Lust is a strong craving or desire to possess something. A similar word by definition is covet. We are Christians. We should know what lust is, and what it isn't. Sometimes, however, it's easier to let others think for us rather than take the initiative to think things through for ourselves.

We are taught in Christian circles that lust and covetousness are sins, yet we don't always stop to weigh our motives to determine the difference between admiration, and a desire to possess the object of our admiration in an ungodly way.

The title of this article may seem a bit absurd, yet I hope to use it to make an important point. I like to view the beauty of God's creation as much as anyone. When I see a particularly stunning tree or mountain or landscape, there is great satisfaction in taking it all in and enjoying God's handiwork.

I am also a musician and as such, when I hear a well-performed work I derive a great deal of personal pleasure from the skill of the composer and the skill of the musicians who have recreated the composer's work.

I am a jeweler, as well. When a patron brings me an intricate piece of jewelry, I once again derive great pleasure from examining the piece in detail and admiring the workmanship of God and man.

Finally, I am a human being. As hard as I've tried to squelch it over the years, when I see or meet another human being who is either attractive or creative or intelligent or unique in some way (as we all are, you know), sometimes I find myself admiring that other person much like I would admire a landscape, or a musical composition, or a piece of jewelry. Yes, I know we have to compare apples with apples and oranges with oranges. I know it's not appropriate to examine people in the same way as an "object." Still, people are the jewels of God's creation, after all!

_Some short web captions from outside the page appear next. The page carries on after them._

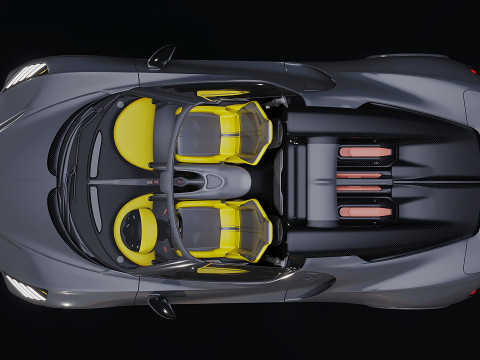 Bugatti Chiron Sport 2019 3Dモデル
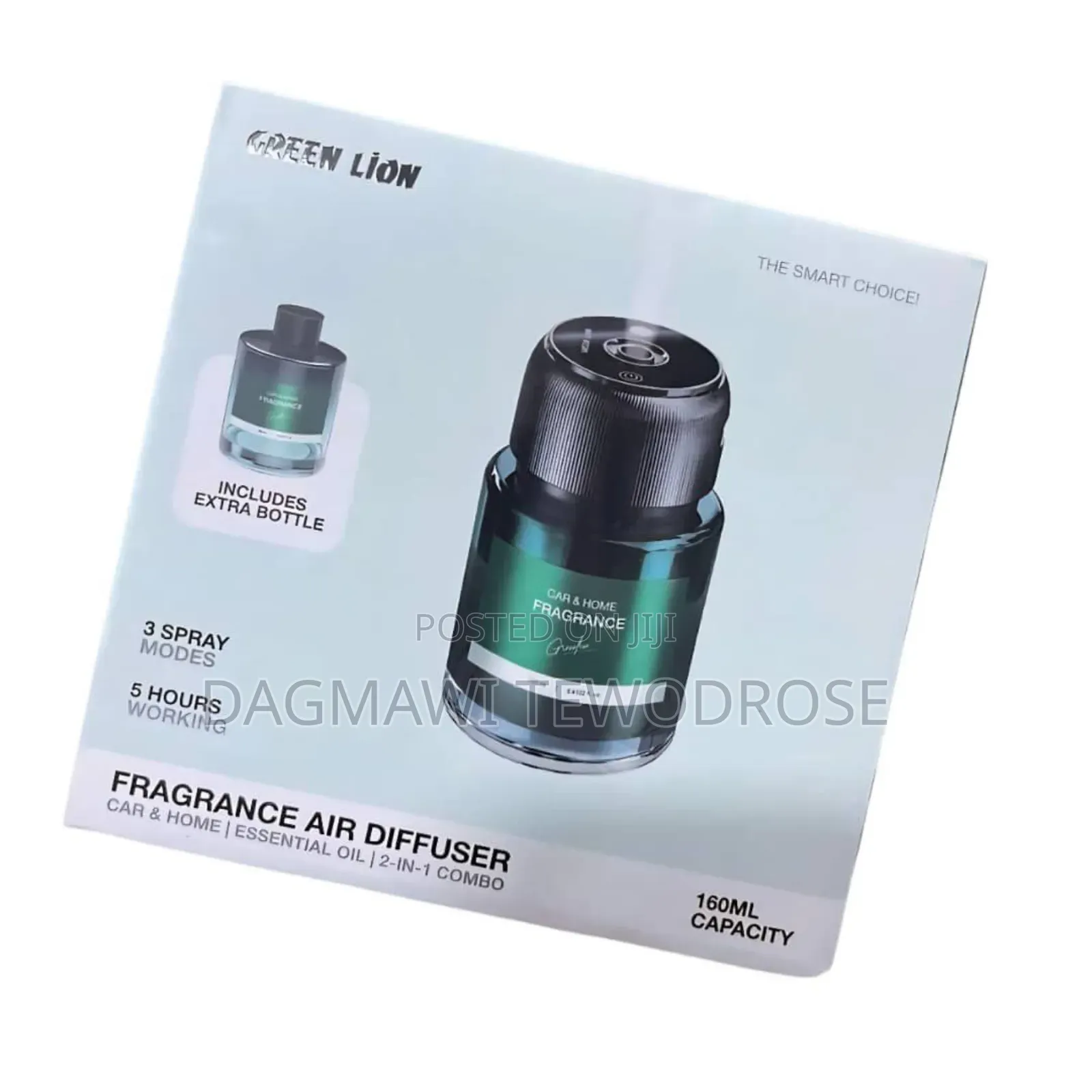  2-in-1 Combo Green Lion Fragrance Air Diffuser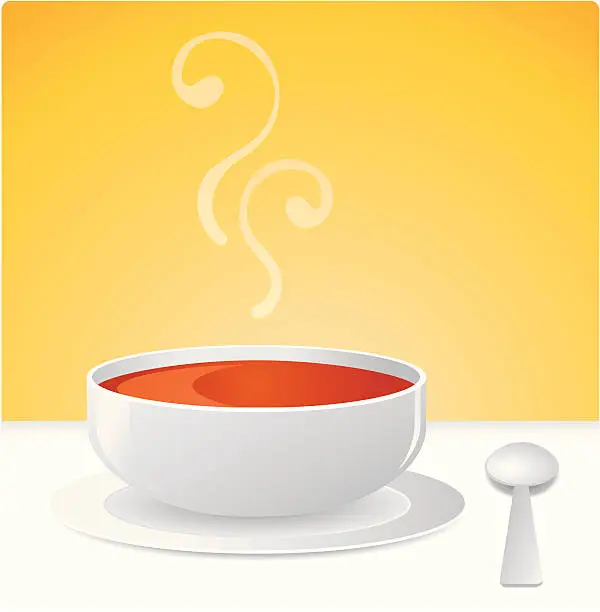 Vector illustration of Hot Soup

Let me carry this analogy a little further. Some jewels or gemstones are valued specifically for their color; others for their unusual cut; some for their unusual brilliance; and yet others for a particular phenomenon such as the play of color (opals). There are just a myriad of reasons to appreciate gemstones. Likewise, some people are just plain pleasing to look at. That doesn't mean in a sexual way, necessarily. We have all experienced a sense of admiration with the physiques of talented athletes. We even watch them for extended periods of times. This isn't leering or lust in and of itself. It could become that if the heart of the viewer is not right. The comparison can go on with regard to intelligence, or artistic ability, or any of the other facets of human beings which spur admiration.

To summarize briefly, just because someone admires a person for whatever reason it does not mean "lust" is occurring. I admire my wife of thirty years because she is beautiful in many ways. I have an intimate relationship with her which I will not have with any other human being. I can admire other people in a healthy way, as well.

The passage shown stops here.